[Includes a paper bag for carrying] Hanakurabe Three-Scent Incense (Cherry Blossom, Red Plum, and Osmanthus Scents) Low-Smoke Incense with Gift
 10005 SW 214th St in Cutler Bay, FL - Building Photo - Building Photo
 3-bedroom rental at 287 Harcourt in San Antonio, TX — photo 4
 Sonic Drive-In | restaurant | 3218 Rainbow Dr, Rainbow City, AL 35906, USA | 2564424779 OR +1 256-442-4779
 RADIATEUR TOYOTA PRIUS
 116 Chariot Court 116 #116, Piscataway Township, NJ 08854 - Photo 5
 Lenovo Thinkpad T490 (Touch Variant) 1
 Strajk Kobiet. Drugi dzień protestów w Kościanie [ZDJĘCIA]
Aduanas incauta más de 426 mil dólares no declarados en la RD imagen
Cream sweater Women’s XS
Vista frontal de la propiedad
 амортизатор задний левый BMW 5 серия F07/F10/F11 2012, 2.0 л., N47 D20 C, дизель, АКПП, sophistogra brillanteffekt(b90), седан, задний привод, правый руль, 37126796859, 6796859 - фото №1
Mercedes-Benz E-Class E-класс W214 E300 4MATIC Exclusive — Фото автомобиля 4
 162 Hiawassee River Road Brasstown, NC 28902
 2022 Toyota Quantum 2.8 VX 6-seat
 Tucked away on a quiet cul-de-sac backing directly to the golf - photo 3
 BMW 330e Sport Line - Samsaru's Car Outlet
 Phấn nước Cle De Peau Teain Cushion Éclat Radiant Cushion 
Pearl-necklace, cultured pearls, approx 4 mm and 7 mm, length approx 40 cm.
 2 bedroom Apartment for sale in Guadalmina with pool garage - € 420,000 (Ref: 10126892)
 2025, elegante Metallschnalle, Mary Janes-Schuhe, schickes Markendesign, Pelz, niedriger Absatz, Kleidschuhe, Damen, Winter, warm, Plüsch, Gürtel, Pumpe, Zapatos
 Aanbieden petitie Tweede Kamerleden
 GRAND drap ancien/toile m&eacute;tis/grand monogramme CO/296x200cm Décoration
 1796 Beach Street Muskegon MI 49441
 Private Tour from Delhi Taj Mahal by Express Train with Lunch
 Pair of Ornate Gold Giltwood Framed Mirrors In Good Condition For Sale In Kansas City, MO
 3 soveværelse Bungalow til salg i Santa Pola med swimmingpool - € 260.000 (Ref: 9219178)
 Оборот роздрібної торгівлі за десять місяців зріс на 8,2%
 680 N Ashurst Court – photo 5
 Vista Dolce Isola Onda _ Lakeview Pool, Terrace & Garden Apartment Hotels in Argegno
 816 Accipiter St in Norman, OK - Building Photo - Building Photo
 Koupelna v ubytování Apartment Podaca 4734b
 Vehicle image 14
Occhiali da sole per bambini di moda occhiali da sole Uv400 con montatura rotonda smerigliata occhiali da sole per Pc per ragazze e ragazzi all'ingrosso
——
● Your task
Whenever the string "City" turns up in a line of the data, copy that line.

● Solution to the exercise
 Sonic Drive-In | restaurant | 3218 Rainbow Dr, Rainbow City, AL 35906, USA | 2564424779 OR +1 256-442-4779
 Pair of Ornate Gold Giltwood Framed Mirrors In Good Condition For Sale In Kansas City, MO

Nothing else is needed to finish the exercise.